いずれも両市の市街地よりも北側、鳥取県側に位置するため、雪の量は「かなり多くなりやすい」特徴を持ちます。特に上長田アメダスは日本海からの距離が20km少々のため、その特徴はより顕著です。
- Q雪の量はどう変化している?
- A
気象庁による観測データは、全国的に雪が近年よりも多かったとされる昭和の時代のデータを含んでおらず、一般に雪が減ったとされる平成以降のみのデータであるため、明確な増減は観察されません。
上長田アメダスでは、平成の後半以降にも1m以上の積雪を一部の年で観測しています。
新見・真庭市街地の雪とは?
- Q雪はいつから降る?いつまで降る?
- A
12月中に1回以上は「積もる雪」となる年が多くなっています。また、積もる雪の終わりは2月後半〜3月前半頃のことが多くなっています。
但し、近年は暖冬傾向の年も多いため、12月・3月には全く雪が見られない年もあります。
- Q雪はどのくらい積もる?
- A
年により差は大きくなります。
市街地は数cm〜10cm程度の雪はそれほど珍しくなく、多い年には何度も積もることがあります。

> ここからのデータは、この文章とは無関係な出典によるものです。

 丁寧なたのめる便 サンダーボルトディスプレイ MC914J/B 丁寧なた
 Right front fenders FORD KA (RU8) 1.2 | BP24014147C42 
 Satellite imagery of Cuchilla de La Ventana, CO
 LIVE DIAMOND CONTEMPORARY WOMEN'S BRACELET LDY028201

過去には30cm以上と推定される大雪になったこともありますが、ケースとしてはまれで、そのような状況になる年は多くありません。
- Q根雪になる?
- A
市街地では基本的に根雪(1ヶ月など長期間積雪が継続する状態)にはなりません。
但し、市街地より北側などの山間部へ入ると、状況によっては根雪となっている場合があり、運転などに注意が必要です。
- Q新見市街地と真庭市街地ではどちらの雪が多い?
- A
市街地同士の場合目立って大きな差はありません。
過去の降水量などから推定すると、強い冬型の気圧配置の際などは、「真庭市街地」の方が若干積雪が多くなりやすい特徴があると言えますが、絶対的な傾向とまでは言えません。
- Q雪が多い場所なの?
- A
岡山市と比べればかなり雪が見られやすいという意味では「多い」と言えます。
但し、市内北部の山間部と比べると市街地の雪は大幅に少なく、日本海側のように「ドカ雪」が見られることもそう多くないため、市街地は必ずしも「雪国」とまでは言えません。

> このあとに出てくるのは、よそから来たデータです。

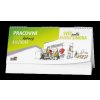 Stolní kalendář - Pracovní daňový kalendář - Svět podle Marka Simona Stolní kalendář - Pracovní daňový kalendář - Svět podle Marka Simona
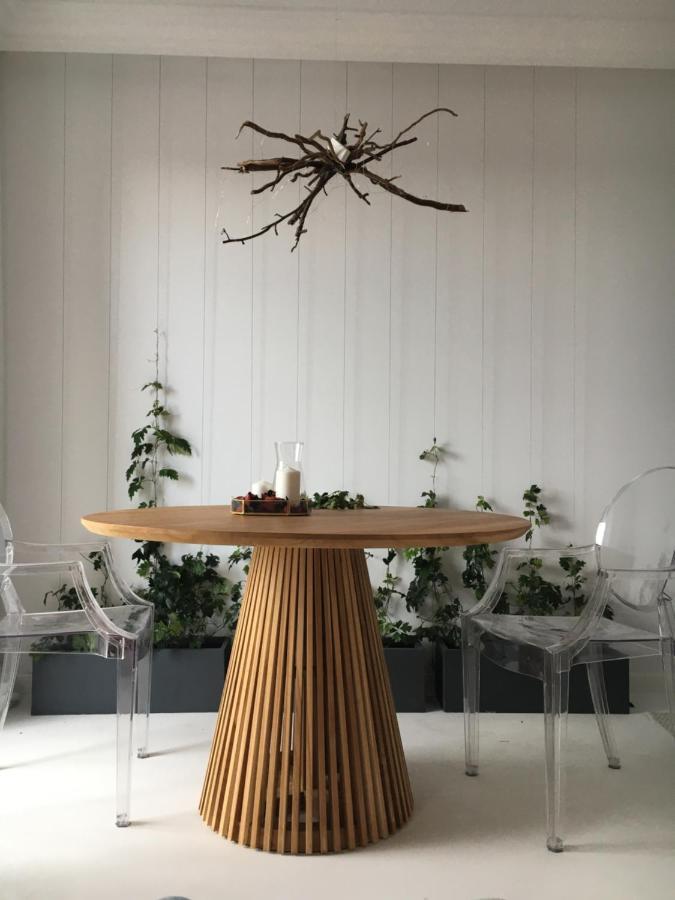 Ivy Warsaw Studio Ngoại thất bức ảnh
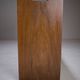 Rationalist side shelf, around 1930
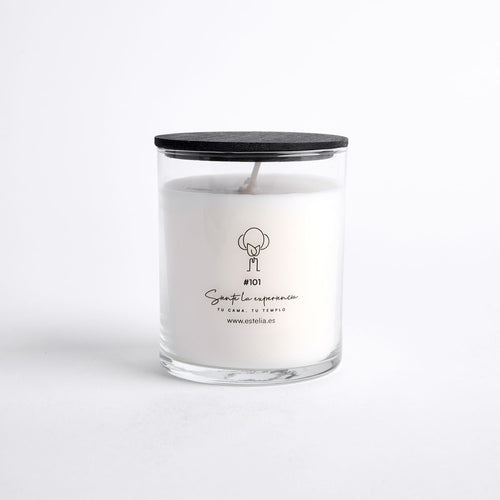 Vela Aromatica 101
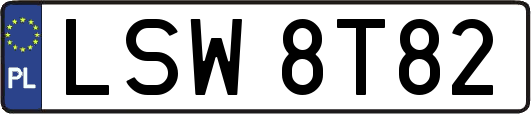 LSW8T82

大まかには「日本海側」らしい特徴と、「瀬戸内側」らしい特徴の「ちょうど境界線付近」にあるという解釈が可能です。
その他ポイント
- Q市内の雪事情に差はある?
- A
かなり大きな差があります。
大まかに言えば(同じ標高であれば)「北側」すなわち鳥取県に近い側ほど「雪がどんどん多くなる」傾向で「豪雪地」となります。先にデータでも見たとおり、蒜山高原周辺など一部の山間部では、積雪が1m以上に達するケースがあります。
豪雪地帯としては、新見市の場合神郷・大佐地域及び合併前の新見市域、真庭市の場合湯原・美甘・川上・八束・中和地域が指定されています。
一方で、市街地よりも更に南側で標高が低い地域などは、市街地と比べてもより雪が少なくなりやすく、10cm程度の積雪でもまれな環境もあります。
同じ新見市内・真庭市内といっても、地域によって・南北によって全く雪の環境は異なりますので、運転する際などには注意が必要です。
- Qどういうケースで大雪になりやすい?
- A
「強い冬型の気圧配置」で雪雲が概ね「北北西方向」などから流れ込むようなケースで、巨大な雲の帯・塊である「JPCZ(日本海寒帯気団収束帯)」の影響を受ける場合が多くなっています。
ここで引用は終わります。